Players only ever exist in the moment… they either solve the problem in front of them… or they don’t.

There is nothing we can do that guarantees a positive outcome – that’s the magic that makes sport special, so we need to accept this uncertainty as part of our process. What we can do however, with a relatively high degree of confidence, is increase the likelihood that players will be able to find solutions to the types of problem they face in competition. To do this effectively, we need to deconstruct those moments that athletes find themselves in.

All sports training is driven towards this aim. Whether the coaches are aware of the bigger picture or whether they just focus on their area of speciality, everyone is training with a view to be able to solve the problems they find on the field, in the ring, on the court or on the track. Those problems exist within moments.

The popular ‘High Performance Podcast’, with Jake Humphrey and Damien Hughes, has had a wide variety of guests from within sport and beyond. Within each episode, they ask the guest; “What does ‘High Performance’ mean to you?”. One of my favourite answers to this question came from Jonny Wilkinson, generally considered one of the greats within his sport of rugby union. He said High Performance to him was: “All of me in every moment.”

This is a profound answer and what it fundamentally presents is this idea we’ve been discussing. That beyond the physical, technical, tactical and psychological abilities an athlete may possess, it is not a given that they are able to bring all of these to the table at any one time. There are a variety of factors that may affect whether an athlete is able to maximise their ability within any one moment.

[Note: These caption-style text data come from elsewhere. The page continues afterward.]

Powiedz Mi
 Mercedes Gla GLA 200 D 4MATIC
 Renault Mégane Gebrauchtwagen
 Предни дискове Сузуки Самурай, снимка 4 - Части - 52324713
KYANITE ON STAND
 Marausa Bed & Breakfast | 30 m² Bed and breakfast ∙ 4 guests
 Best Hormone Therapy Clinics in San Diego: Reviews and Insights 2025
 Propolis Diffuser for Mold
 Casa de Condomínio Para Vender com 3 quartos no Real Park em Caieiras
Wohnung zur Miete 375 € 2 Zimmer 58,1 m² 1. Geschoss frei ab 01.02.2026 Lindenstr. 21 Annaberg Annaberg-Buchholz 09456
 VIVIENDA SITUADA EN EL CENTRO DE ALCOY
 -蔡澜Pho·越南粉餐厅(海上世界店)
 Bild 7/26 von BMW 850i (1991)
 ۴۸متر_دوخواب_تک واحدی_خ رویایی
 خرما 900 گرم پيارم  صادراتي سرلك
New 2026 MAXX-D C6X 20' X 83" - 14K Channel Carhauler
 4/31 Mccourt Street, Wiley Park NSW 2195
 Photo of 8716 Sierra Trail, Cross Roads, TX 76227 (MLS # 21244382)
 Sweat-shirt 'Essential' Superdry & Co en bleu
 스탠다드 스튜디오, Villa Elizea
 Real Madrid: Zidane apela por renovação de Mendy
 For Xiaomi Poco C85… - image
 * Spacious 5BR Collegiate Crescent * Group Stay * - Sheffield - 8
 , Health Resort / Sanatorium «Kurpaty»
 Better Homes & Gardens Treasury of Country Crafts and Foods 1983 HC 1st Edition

While that ball hung in the air over the AT&T Park in San Francisco, while we floated between winning and losing, we were touched by the grace of unknowingness. How interested would we be in these moments if we could confirm their outcome? Imagine football games without the gasp and release of tension that accompanies those mystical moments before the ball hits the back of the net. In sport we find something fundamental to life; the interplay between knowns/unknowns, order/chaos, structure/freedom.

We all long to know how everything will play out, because we’re vulnerable, because we’re fearful, because it’s nice to win. But we often forget that we also long to be surprised, excited and thrilled. That space in between these poles is living. It’s nice to win because we knew we could lose. When working with athletes, I think it’s important to remember the joy in this dance with the unknown, rather than trying to squeeze all the uncertainty (& joy) out of the journey.

Footnotes:
  1. Schrödinger’s Cat is a thought experiment by physicist Erwin Schrödinger in which a cat sealed in a box is theoretically both alive and dead simultaneously — until the box is opened and the outcome observed. The experiment illustrates how quantum superposition holds multiple possibilities in coexistence until the moment of resolution.